══ Records provided ══

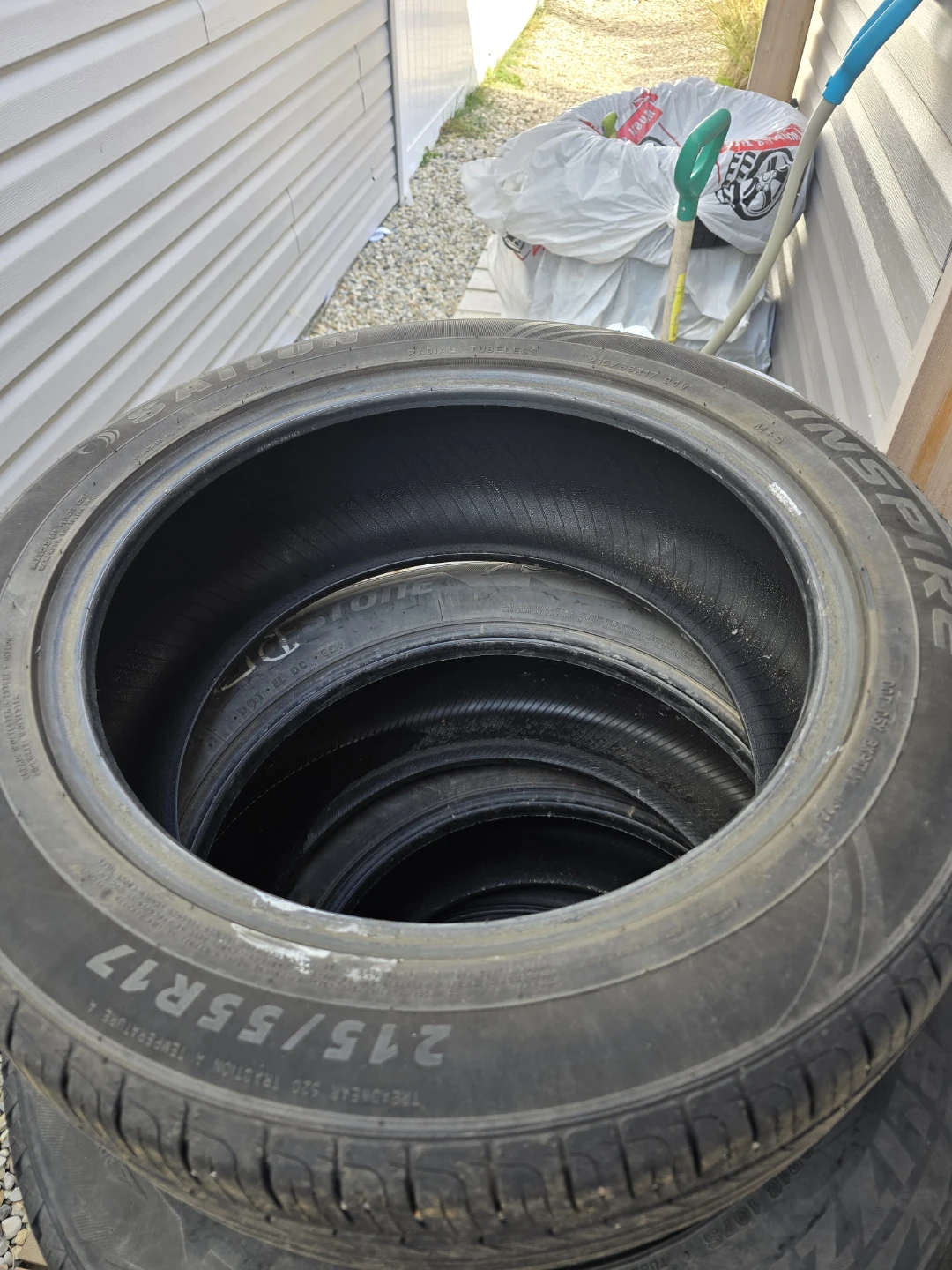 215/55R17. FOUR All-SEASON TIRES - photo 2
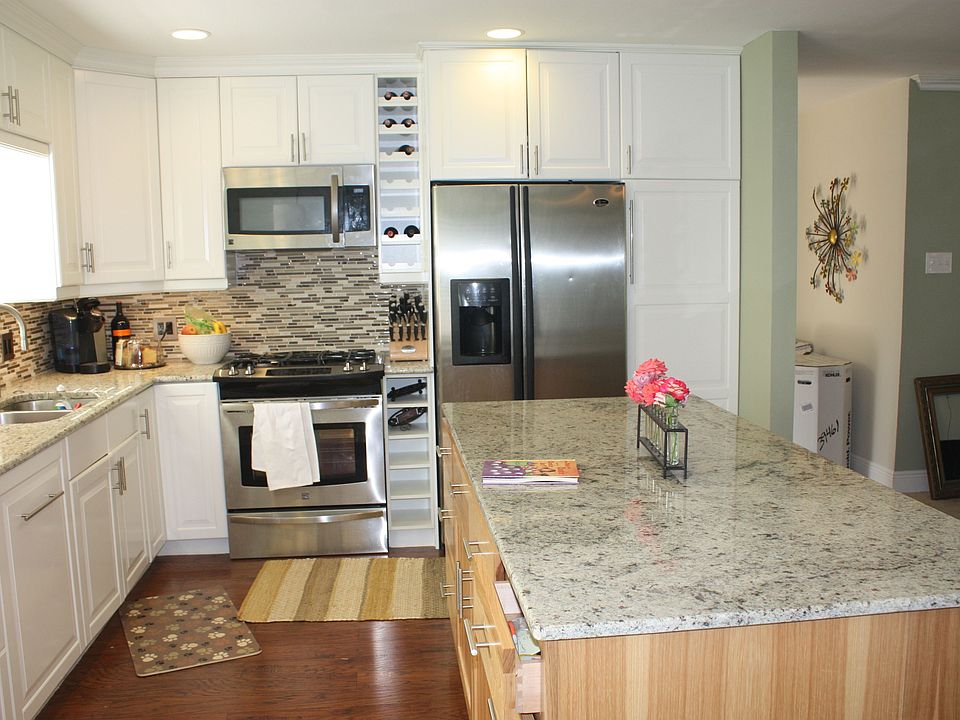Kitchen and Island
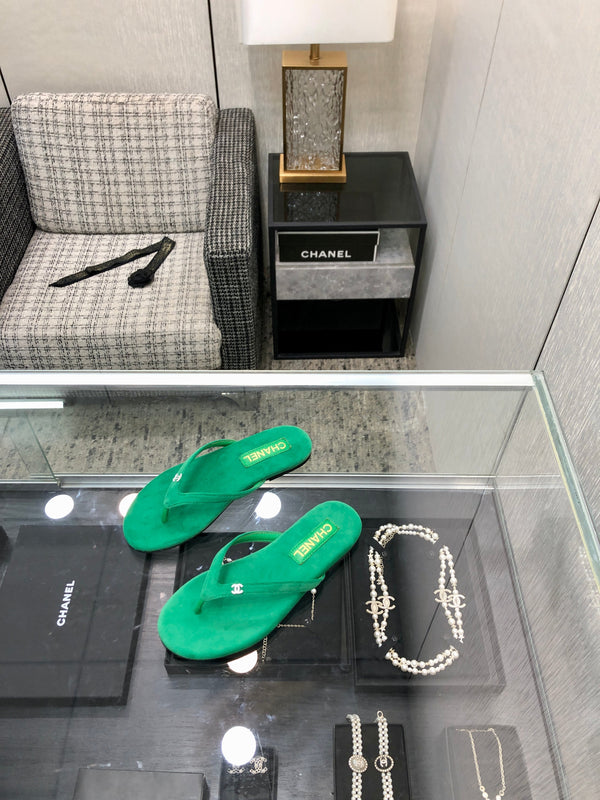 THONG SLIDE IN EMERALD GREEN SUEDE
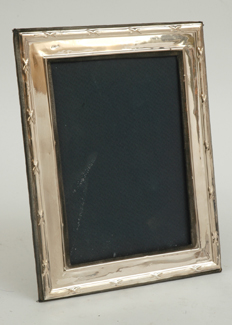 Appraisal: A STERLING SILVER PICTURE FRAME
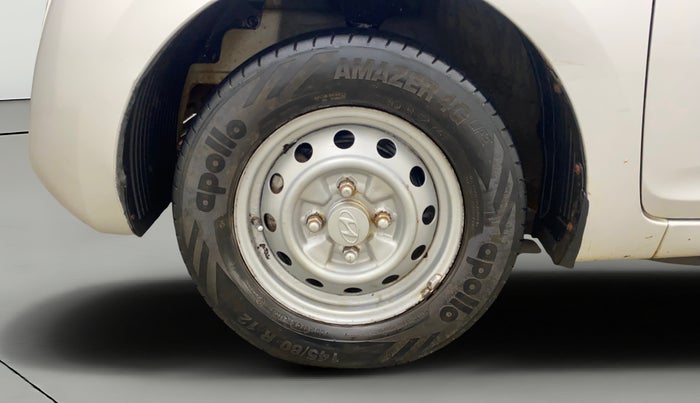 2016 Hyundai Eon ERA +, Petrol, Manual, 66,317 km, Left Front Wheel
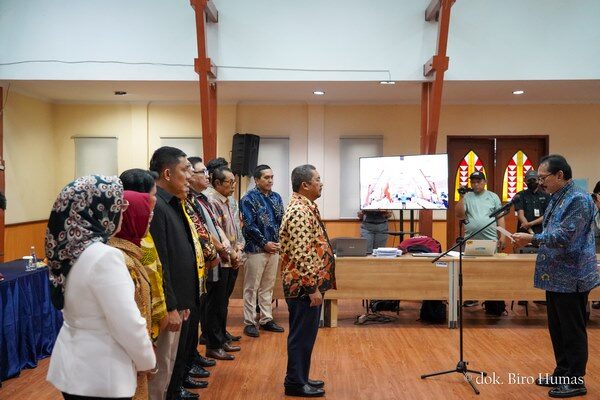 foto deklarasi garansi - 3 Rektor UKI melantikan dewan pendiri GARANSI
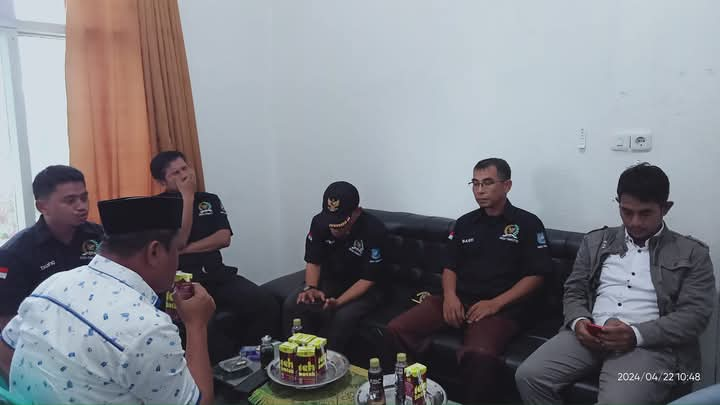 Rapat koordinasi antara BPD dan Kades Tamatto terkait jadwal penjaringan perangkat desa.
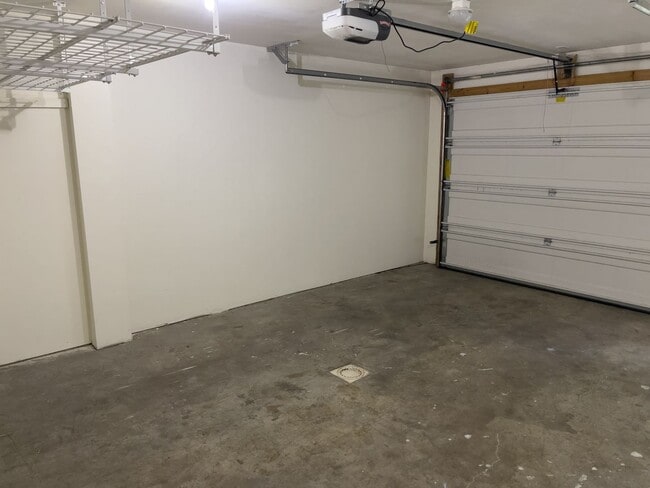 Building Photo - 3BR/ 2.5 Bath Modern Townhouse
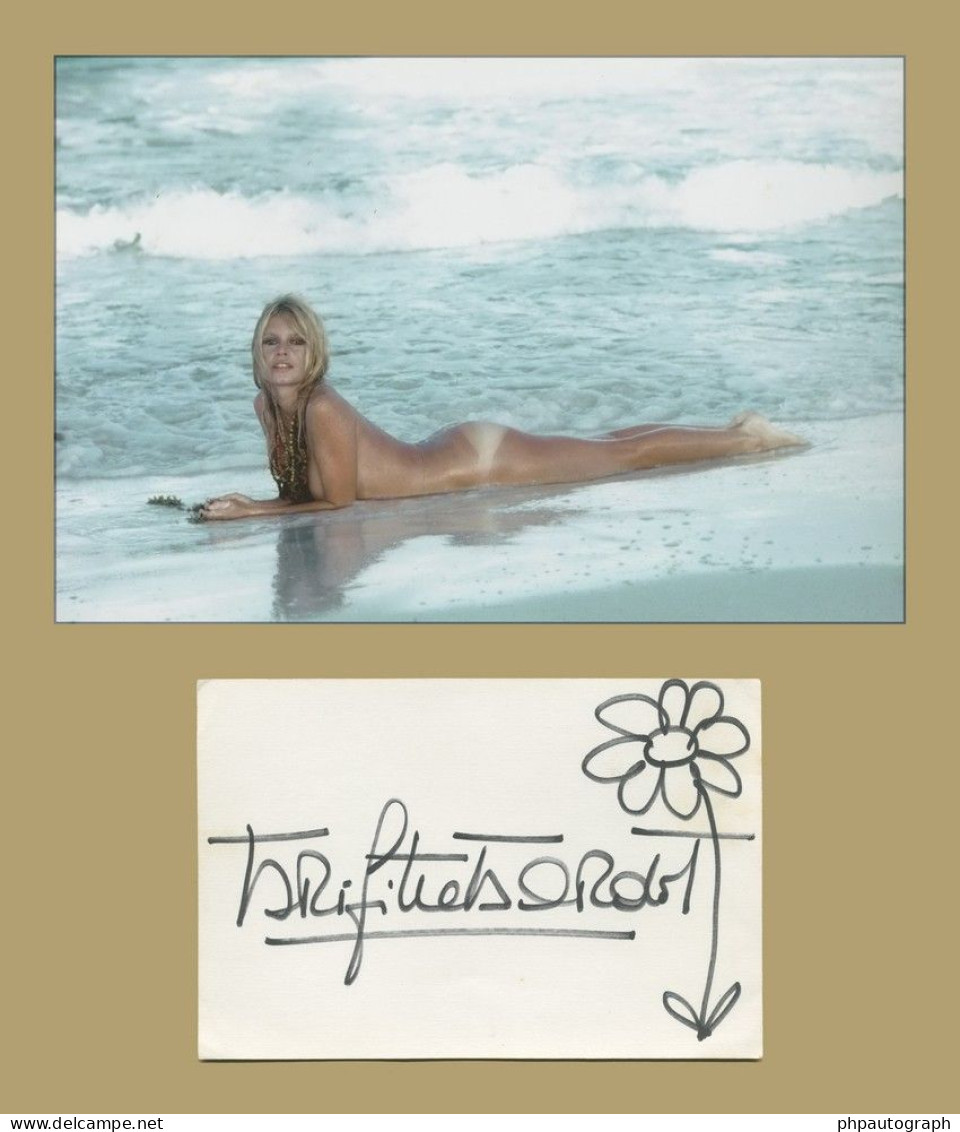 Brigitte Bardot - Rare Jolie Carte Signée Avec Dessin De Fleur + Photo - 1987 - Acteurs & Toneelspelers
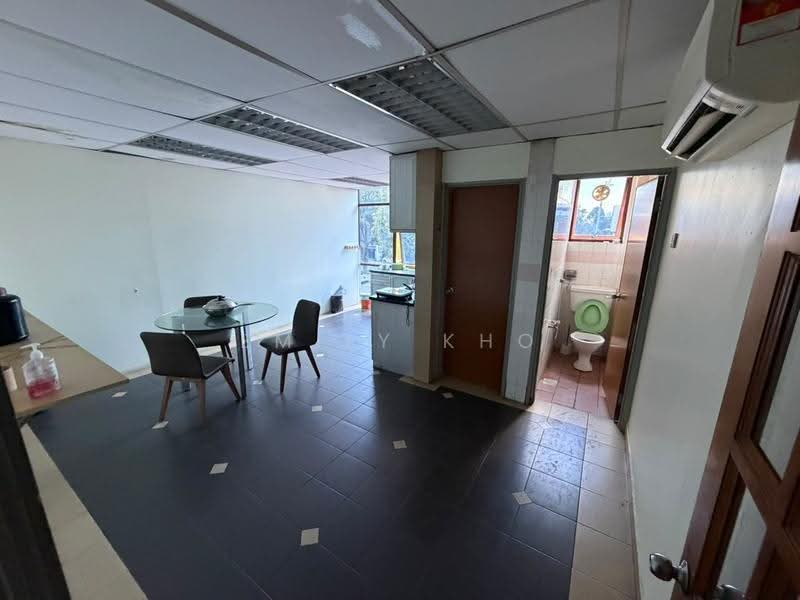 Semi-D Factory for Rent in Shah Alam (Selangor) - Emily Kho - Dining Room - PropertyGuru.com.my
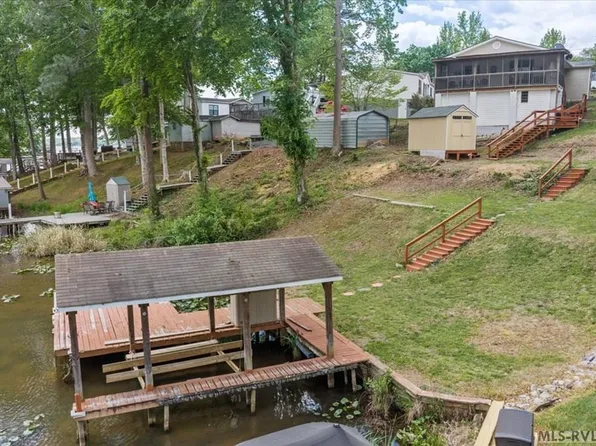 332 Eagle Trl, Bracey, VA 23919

═══

* How to complete this task:
Give back exactly the lines above that run from the one with "Appraisal: A STERLING SILVER PICTURE FRAME" to the one with "Building Photo - 3BR/", including both, with the pictures left out.

* Answer below:
 Appraisal: A STERLING SILVER PICTURE FRAME
 2016 Hyundai Eon ERA +, Petrol, Manual, 66,317 km, Left Front Wheel
 foto deklarasi garansi - 3 Rektor UKI melantikan dewan pendiri GARANSI
 Rapat koordinasi antara BPD dan Kades Tamatto terkait jadwal penjaringan perangkat desa.
 Building Photo - 3BR/ 2.5 Bath Modern Townhouse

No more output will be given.